1998, le bronx. L'horreur, la violence pure. Un adolescent noir et une latino sortent ensemble et se font agresser par un gang local qui ne supporte pas le mélange des genres. Il est tabassé à mort, elle est défigurée à l'acide. Il part se réfugier au loin, recueilli en mauvais état par un faux clochard âgé qui vit dans une semi clandestinité. Elle se suicide à l'hôpital. Germe l'idée de la vengeance alors que le vieil allemand soigne l'adolescent. Apprentissage de la douceur, du cool dirait-on, alors que le corps se répare et que l'heure du châtiment approche.

Livre magnifique, langage vrai, d'un écrivain qui lui aussi a connu l'enfer.

Le Littérroriste

04 octobre 2009

Very bad trip

Courez voir ce film délirant, encore à l'affiche dans quelques salles parisiennes. Un concentré de sexe, de drogue et de rock'n roll explosif, balayant définitivement toute notion de politiquement correct. Le prétexte : une bande de copains se retrouve à Las Végas pour un enterrement de vie de garçon. Entre drogue du violeur, tigre de Mike Tyson, prostituée au grand coeur, maffieux chinois homo et disparition du futur marié, le cocktail prend tout de suite, servi par une réalisation inspirée.

Le Littérroriste

13 septembre 2009

L'imaginaire érotique au Japon d'Agnès Giard

Livre magnifique, très abondamment illustré, L'imaginaire érotique au Japon nous dévoile toutes les facettes des fantasmes japonais, entre high-tech et rites primitifs shinto, rites de fertilité et cauchemards post-nucléaires, bondage et poupées. Univers foisonnant et fascinant d'un ouvrage qui ne tombe jamais dans la vulgarité, aborde tous les thèmes avec humour tout en les replaçant dans une perspective historique qui est ici, plus qu'ailleurs, fondamentale. Impossible de comprendre cet imaginaire sans saisir le poids de la défaite de 1945 ou de l'héritage shinto, par exemple. Agnès Giard parvient à nous transmettre un contenu très riche : ce livre, comme toute chose au Japon ("homme, femme, papillon, pierre ou fleur") a lui aussi une âme.

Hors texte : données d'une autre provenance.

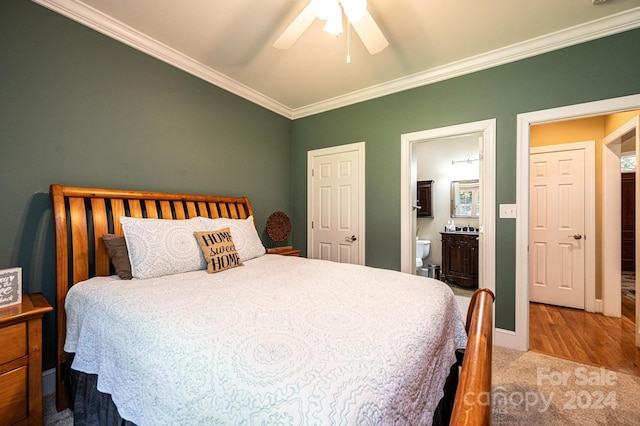 bedroom with connected bathroom, hardwood / wood-style floors, crown molding, and ceiling fan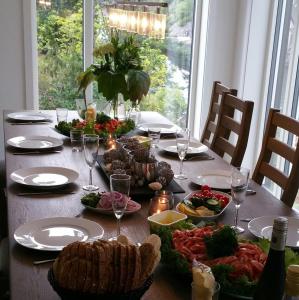 einen Tisch mit Teller mit Speisen und Weingläsern in der Unterkunft Chill Sun in Arendal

En bref, un ouvrage à ne pas mettre entre toutes les mains... mais à mettre entre toutes les autres !

Le Littérroriste

12 septembre 2009

Seul le silence - R.J.Ellory

Encore une énième histoire de serial killer ? Oui, mais quand on aime, on ne compte pas, on ne compte plus... les petites filles assassinées. Et Ellory n'est pas Ellroy, il développe ses propres obsessions, son propre rapport au passé, au souvenir. Histoire d'un destin tragique, histoire d'une impuissance face au mal qui ravage le monde autour du narrateur année après année, Seul le silence captive de bout en bout, s'enfonçant dans la noirceur avec délices.

Le Littérroriste

10 septembre 2009

Beautiful People

Le livre D'Alicia Drake se plonge avec délice dans les turpitudes et mesquineries des deux grands couturiers Saint Laurent et Lagerfeld. L'envers du décor n'est pas très propre, les miroirs y renvoient à l'infini les jeux de l'ego, du pouvoir, du sexe sordide et du carriérisme assoiffé de jeunes garçons prêts à tout pour réussir, s'il le faut au fond du lit des maîtres.